Held since 1950, the FIDE-organized Candidates Chess Tournament is an event that determines the challenger for World Chess Championship. The winner of the Candidates’ tournament plays against the reigning World Champion. India’s Vishy Anand had won the 2014 Candidates tournament but failed in his challenge against world champion Magnus Carlsen of Norway. Historically, Candidates tournament began as a triennial event, but after the split of World Championship in early nineties, it has adopted a variable time format. This year, the grueling double round-robin tournament will have 14 rounds and the first-round action begins in Moscow’s iconic Central Telegraph building from March 11. The fourteenth and last round matches have been scheduled for March 28. Chess world’s top 8 grandmasters will vie with one another for an opportunity to challenge current World Champion Magnus Carlsen in USA sometime in October 2016. The eight players, who met the FIDE qualifying criteria are; Russians Sergey Karjakin and Peter Svidler, Americans Hikaru Nakamura and Fabiano Caruana, India’s Vishy Anand, Bulgaria’s Veselin Topalov, Netherlands’ Anish Giri and Armenia’s Levon Aronian. Karjakin and Svidler came through by taking the top two places in 2015 FIDE World Cup at Baku; Nakamura and Caruana qualified as top two finishers in FIDE grand prix 2014-15; Anand qualified as a loser in Sochi’s 2014 world chess championship match; Topalov and Giri were the top two players with the highest average rating in 2015 after playing in the World Cup or Grand Prix. The eighth spot was an organizers’ wild card, earned by Levon Aronian, whose FIDE rating exceeded 2725.

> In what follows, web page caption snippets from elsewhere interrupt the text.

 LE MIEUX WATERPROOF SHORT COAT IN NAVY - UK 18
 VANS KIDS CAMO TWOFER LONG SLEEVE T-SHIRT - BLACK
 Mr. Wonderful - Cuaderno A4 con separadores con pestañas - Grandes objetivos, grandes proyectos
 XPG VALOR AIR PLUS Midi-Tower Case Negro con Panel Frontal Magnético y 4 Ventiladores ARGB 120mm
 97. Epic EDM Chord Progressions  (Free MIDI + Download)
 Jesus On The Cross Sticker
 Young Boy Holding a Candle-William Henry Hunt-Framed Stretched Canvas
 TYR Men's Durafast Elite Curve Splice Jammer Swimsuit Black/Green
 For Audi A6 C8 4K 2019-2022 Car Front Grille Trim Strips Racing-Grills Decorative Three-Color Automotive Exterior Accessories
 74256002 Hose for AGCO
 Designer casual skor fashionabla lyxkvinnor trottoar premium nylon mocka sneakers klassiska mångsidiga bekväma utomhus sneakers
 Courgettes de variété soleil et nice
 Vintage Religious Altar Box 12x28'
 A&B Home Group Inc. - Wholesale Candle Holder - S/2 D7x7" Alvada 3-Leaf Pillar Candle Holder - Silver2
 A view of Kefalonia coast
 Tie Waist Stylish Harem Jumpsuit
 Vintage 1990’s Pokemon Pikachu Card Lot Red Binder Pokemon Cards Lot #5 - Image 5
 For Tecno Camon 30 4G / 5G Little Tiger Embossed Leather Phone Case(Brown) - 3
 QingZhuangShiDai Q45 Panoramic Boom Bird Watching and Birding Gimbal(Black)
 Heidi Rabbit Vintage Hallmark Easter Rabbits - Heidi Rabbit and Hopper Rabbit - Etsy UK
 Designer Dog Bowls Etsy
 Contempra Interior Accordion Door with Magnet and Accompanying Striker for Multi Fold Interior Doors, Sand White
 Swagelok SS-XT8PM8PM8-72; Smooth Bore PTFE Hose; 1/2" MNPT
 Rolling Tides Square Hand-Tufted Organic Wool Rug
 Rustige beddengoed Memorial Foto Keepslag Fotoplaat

After Vaselin Topalov’s 2803 FIDE points, Vishy Anand is next with 2796 points but FIDE ratings are not enough to make winning predictions. However, Anand still has a unique game, though his performance with black pieces hasn’t been strong of late. Among the contestants at Moscow, Anand is third strongest with white pieces. The Indian’s chances will get better if he is able to win a couple of games with blacks. On this count, wild card entrant Aronian is strongest with white pieces among the eight players. Aronian registered an emphatic 3-point win over Magnus Carlsen in 2015 Sinquefield Cup in Saint Louis, where Anand was placed at no.9 in a field of 10 grandmasters. But even so late in his career, Anand has the chess brilliance to shock any of the highly FIDE rated players. In February 2015, Anand reached the final of Zurich Chess Challenge before losing to USA’s Hakaru Nakamura in Armageddon. Before the 2014 Candidates Chess, the Chief Editor of Chess-News.ru announced that in his opinion, Vishy Anand was the least likely to win the tournament. The editor added that if Anand won, he would publicly admit that his knowledge about chess or life was questionable. When Anand won, the editor swallowed his pride by admitting that he understood nothing about life or chess.